Exercises to Data Mining course, 2005
 Two points are selected uniformly and independently on
a 3D sphere
of radius 1.
(i) Find the distribution of the (3D Euclidean) distance
between the points.
(ii) Find the maximum probability, mean and
median distances between the points.
(iii) What are the MAP, mean and median estimates for the squared distance?
Hint: use a pdf whose variable is the squared distance.
(Note: will be discussed on Feb 4).

A sample y1,... yn of real numbers
has been obtained. It is known to be independent variables
with a common normal distribution. This distribution has unknown variance
s2 and the mean is known to be either 1 or 2, both cases considered
equally plausible.
(i) Describe a reasonable Bayesian method for deciding the mean value(1 or 2).
(ii) Characterize the power of the suggested procedure as a function of s2,
assuming that the sample consists of a single point.
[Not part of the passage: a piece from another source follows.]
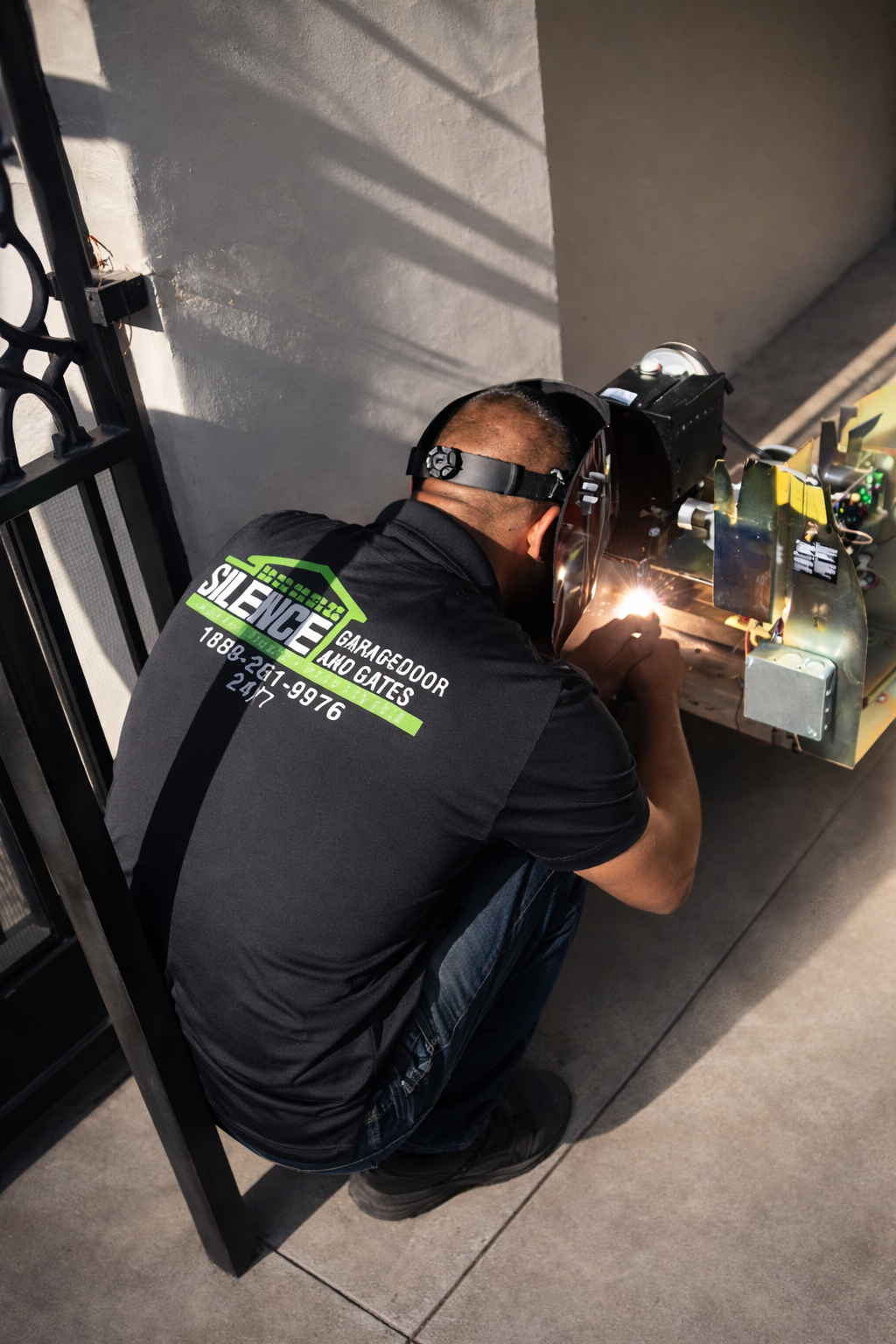 electric gate repair near me technician repairing automatic gate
Compute (using Matlab and Monte Carlo) an approximation to Pi
by estimating the probability that a needle, thrown on an area
covered by parallell lines, hits a line. The length of the needle
is the same as the distance between the parallell lines
(Buffons needle problem). Investigate how (and if) precision improves
with the number of throws performed.
Hint: the probability of hitting a line is 2/Pi